Abrasive blasting is generally used to prepare materials for their subsequent finishes.
Steam and Sand Porirua Ltd has the largest blast booth in the country for its steel grit operation, the grit is filtered, cleaned, and reused a number of times.
Existing surfaces are removed (mill scale, rust, paint, etc) and a surface profile is formed to suit the finish to be applied by blasting with high pressure air and a blasting medium. It is very important that this surface profile is correct to provide the necessary anchor to achieve the durability of the subsequent finishes.
The most used blast mediums are garnet, a naturally occurring completely inert material that is imported for the purpose, steel shot in different configurations (size, crushed as grit, etc) and crushed glass. Garnet and glass can generally be used in an open environment, steel grit is used in a closed environment, generally a blast booth.
Sand blasting is a process of the past - sand is no longer used, it contains silica and is a danger to the health and to the environment.
There are four main types of blasting media that can be used.
Garnet is a blasting media free from silica and iron particles, which can be sourced from either India or Australia.
Garnet would generally be used for mobile or onsite applications as it has lower dust levels than iron sand. Garnet is the main blasting media we use for onsite applications.
Grit is finely crushed ball bearings which gives the steel the blast profile needed for paint to adhere to the surface. Grit can not be used on anything that has a magnetic force such as alternators etc.
Glass Bead is used when a fine surface finish is required - such as restoration of cars or sculptures.

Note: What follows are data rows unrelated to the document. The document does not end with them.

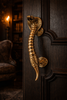 Solid brass cobra door handle installed on dark wooden entry door luxury gothic hardware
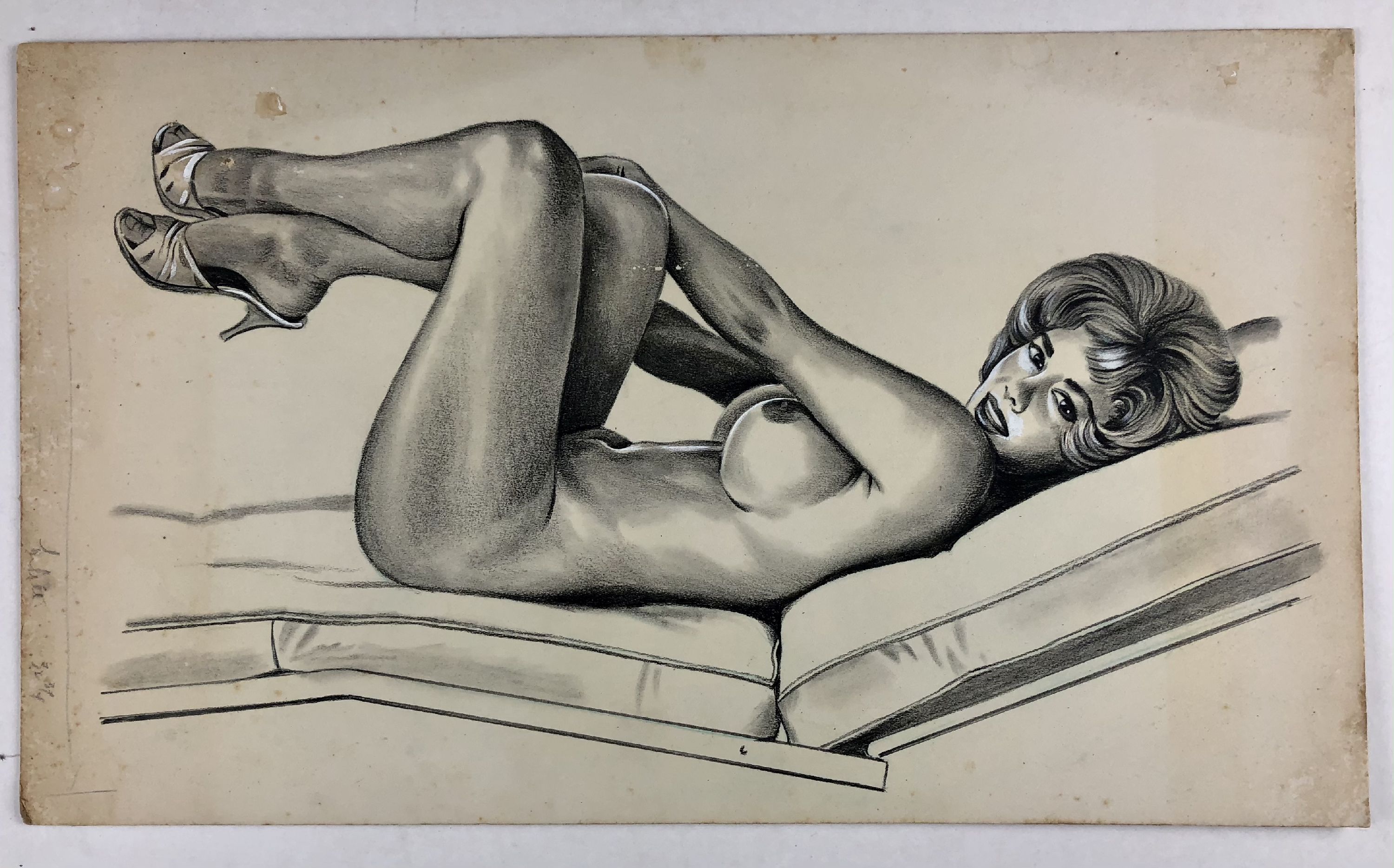 nude lying on chaise with arms and legs elevated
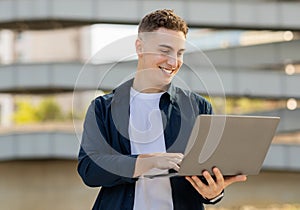 A happy young man using a laptop outdoors, dressed in a casual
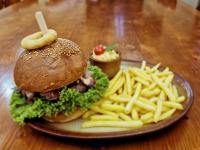 a plate with a sandwich and french fries on a table at Country Saloon Belá in Belá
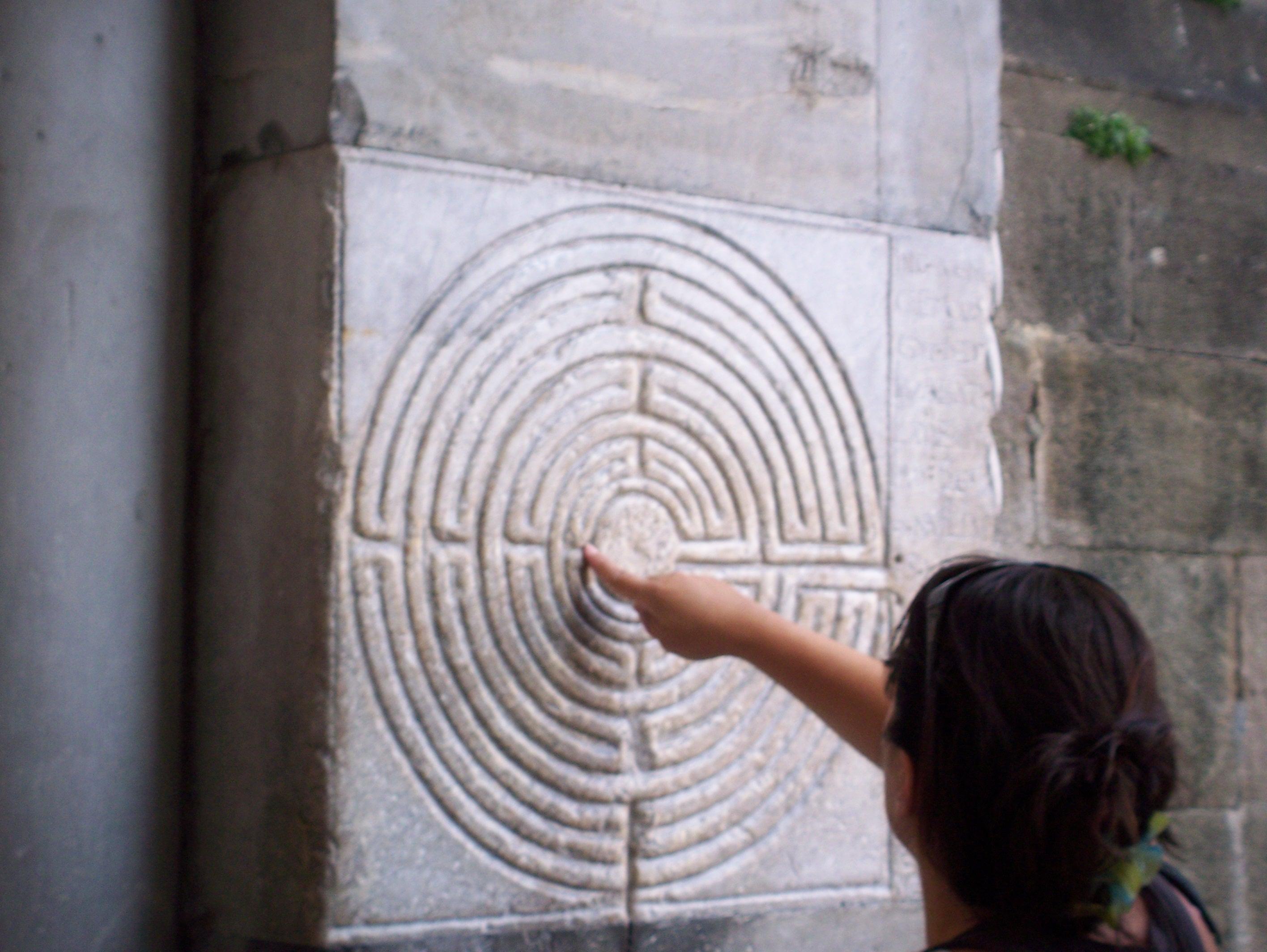 A person faces a maze on the wall and uses their fingers to trace a path within the maze.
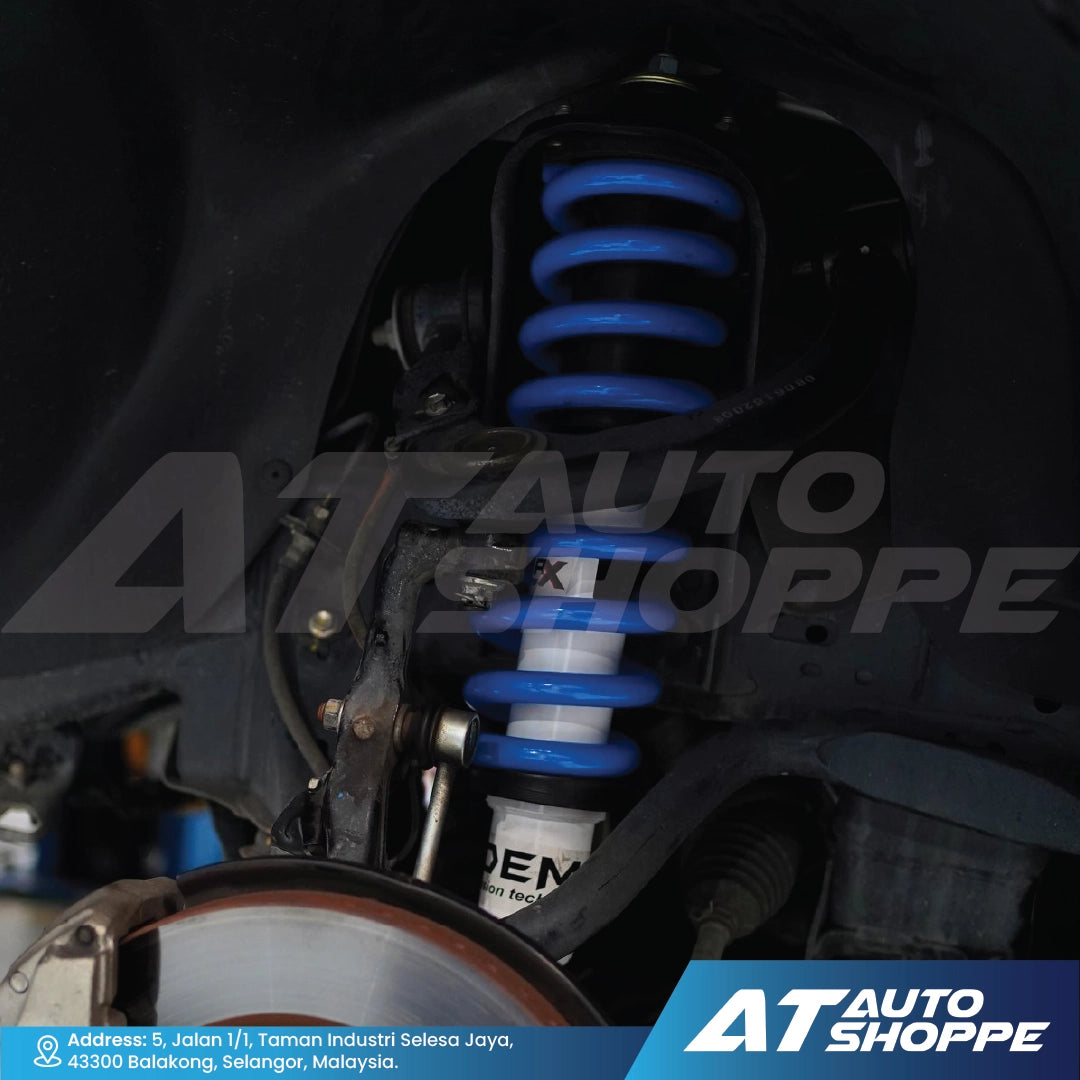 Close-up of a car suspension system with blue springs, branded 'AT Auto Shoppe'.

Shot is a ball bearing like blasting media, very small in size - .04mm to 1.4mm. It is very popular with recycling units as it can be reused 40 to 50 times. As with grit, shot can not be used with anything that has a magnetic force either.
Iron sand is a traditional blasting media normally found on beaches around New Zealand, but due to recent studies has been found to be harmful to operators of blasting equipment. We no longer use this media because of this reason.